» GIVEN DATA
---+---

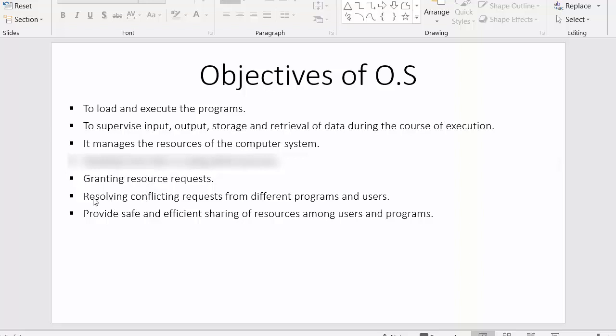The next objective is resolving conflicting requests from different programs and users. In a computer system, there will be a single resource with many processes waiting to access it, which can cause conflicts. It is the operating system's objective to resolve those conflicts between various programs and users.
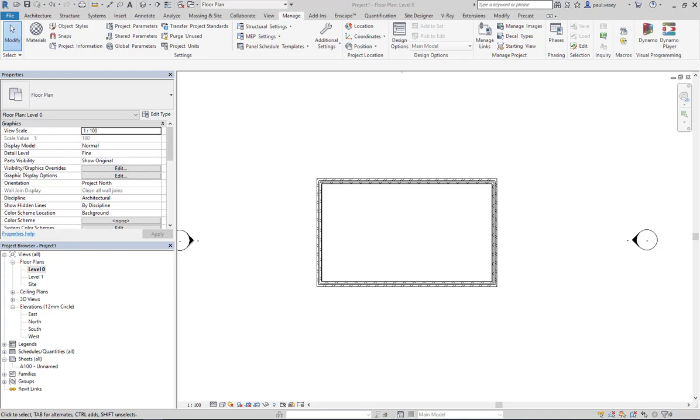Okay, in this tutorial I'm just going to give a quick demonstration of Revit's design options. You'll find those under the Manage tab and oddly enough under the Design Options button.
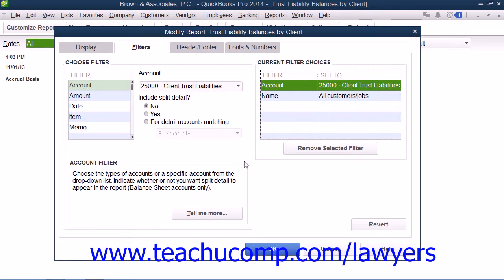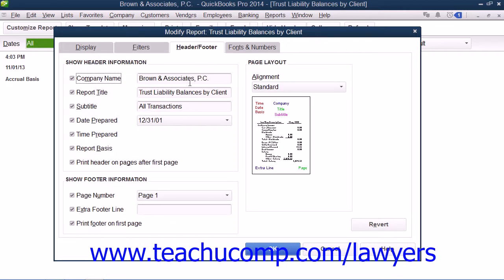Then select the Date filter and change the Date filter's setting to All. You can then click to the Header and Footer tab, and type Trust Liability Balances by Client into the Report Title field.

---+---

» WHAT IS BEING ASKED
The answer must be an exact copy of the lines from the one with "Okay, in this" through the final line above, both ends included, and nothing else; pictures stay out.

» ANSWER BOX
Okay, in this tutorial I'm just going to give a quick demonstration of Revit's design options. You'll find those under the Manage tab and oddly enough under the Design Options button.
Then select the Date filter and change the Date filter's setting to All. You can then click to the Header and Footer tab, and type Trust Liability Balances by Client into the Report Title field.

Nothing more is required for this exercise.